Any contributions to those accounts would likely have to be added to the 50 million bungled pension payments discovered in April by the Democratic Party of Japan, the largest opposition party.

On Wednesday, opposition lawmakers said in the Diet that the Social Insurance Agency could be sitting on money from up to 14 million unidentified pension accounts.

Responding to a question from a lawmaker in the House of Representatives welfare committee, Health, Labor and Welfare Minister Hakuo Yanagisawa admitted that the total number of unidentified pension premium payments could indeed grow. But he did not offer an estimate.

The problem of the bungled pension premium payment records is expected to be a crucial topic in the runup to the House of Councilors election next month.

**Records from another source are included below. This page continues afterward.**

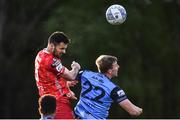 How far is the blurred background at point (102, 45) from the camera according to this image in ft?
81.1

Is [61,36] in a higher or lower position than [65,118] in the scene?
higher

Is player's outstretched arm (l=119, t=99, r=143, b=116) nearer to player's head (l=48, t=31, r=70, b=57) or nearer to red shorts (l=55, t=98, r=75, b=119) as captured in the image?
red shorts (l=55, t=98, r=75, b=119)

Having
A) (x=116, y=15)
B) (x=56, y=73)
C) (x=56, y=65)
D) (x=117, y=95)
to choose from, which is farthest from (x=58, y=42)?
(x=116, y=15)

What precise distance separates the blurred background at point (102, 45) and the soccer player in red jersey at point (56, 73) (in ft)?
46.5

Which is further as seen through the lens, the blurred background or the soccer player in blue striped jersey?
the blurred background

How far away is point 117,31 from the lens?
83.4 ft

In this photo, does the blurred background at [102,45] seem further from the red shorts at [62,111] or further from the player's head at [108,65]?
the player's head at [108,65]

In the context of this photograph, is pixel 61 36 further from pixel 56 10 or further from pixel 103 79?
pixel 56 10

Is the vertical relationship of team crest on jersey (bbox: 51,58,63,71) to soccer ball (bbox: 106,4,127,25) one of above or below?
below

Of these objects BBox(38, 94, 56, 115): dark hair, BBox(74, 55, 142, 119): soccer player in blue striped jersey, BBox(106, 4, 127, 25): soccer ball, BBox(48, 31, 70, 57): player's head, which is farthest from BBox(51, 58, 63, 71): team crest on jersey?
BBox(106, 4, 127, 25): soccer ball

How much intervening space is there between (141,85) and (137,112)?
52.8ft

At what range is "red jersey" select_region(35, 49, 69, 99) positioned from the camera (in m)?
9.84

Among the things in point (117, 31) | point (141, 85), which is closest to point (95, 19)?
point (117, 31)

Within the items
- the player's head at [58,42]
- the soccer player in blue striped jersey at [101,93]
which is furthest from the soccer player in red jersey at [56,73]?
the soccer player in blue striped jersey at [101,93] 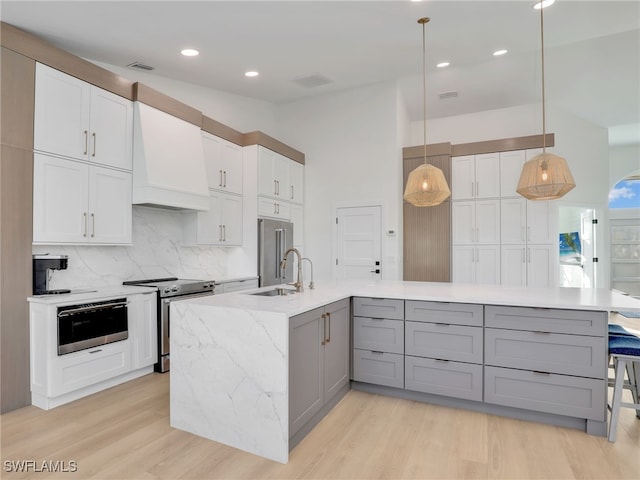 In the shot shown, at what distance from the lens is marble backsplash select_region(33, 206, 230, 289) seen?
3.40 m

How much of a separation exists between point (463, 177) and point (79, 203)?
4.89 meters

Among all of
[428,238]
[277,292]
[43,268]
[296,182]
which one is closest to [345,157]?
[296,182]

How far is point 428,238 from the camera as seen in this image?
5.43 metres

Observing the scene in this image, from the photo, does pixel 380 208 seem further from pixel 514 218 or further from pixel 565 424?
pixel 565 424

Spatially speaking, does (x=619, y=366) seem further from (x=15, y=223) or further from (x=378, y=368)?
(x=15, y=223)

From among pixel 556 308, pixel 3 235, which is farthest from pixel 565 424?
pixel 3 235

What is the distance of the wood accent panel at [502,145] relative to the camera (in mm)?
5074

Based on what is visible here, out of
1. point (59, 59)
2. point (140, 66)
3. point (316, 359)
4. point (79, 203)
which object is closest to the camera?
point (316, 359)

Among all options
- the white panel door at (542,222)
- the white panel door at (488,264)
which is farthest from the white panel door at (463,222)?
the white panel door at (542,222)

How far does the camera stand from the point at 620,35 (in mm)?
4301

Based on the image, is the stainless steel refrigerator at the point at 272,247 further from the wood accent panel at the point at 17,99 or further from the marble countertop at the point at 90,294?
the wood accent panel at the point at 17,99

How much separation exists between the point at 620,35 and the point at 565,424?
456 centimetres

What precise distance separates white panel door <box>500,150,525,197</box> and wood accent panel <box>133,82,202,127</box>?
4.23m

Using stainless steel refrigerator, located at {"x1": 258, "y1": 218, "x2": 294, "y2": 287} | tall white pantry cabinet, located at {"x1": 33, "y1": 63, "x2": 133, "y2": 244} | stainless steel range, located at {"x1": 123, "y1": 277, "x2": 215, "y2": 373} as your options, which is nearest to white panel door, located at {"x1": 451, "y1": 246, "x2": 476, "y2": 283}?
stainless steel refrigerator, located at {"x1": 258, "y1": 218, "x2": 294, "y2": 287}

The unidentified accounts belong to those who withdrew from the corporate employee pension program after quitting their jobs before April 1954. These records were kept in a registration book that had about 14.3 million accounts.

During the committee session, Akira Nagatsuma of the DPJ asked Yanagisawa to confirm speculation that the premium payment records in the old book were not integrated into the agency’s computer system, and thus will cause the total number of unidentified payments to balloon beyond the previously reported 50 million.

“It will be so as a result,” Yanagisawa responded. “There are some accounts in the book that are not integrated yet.”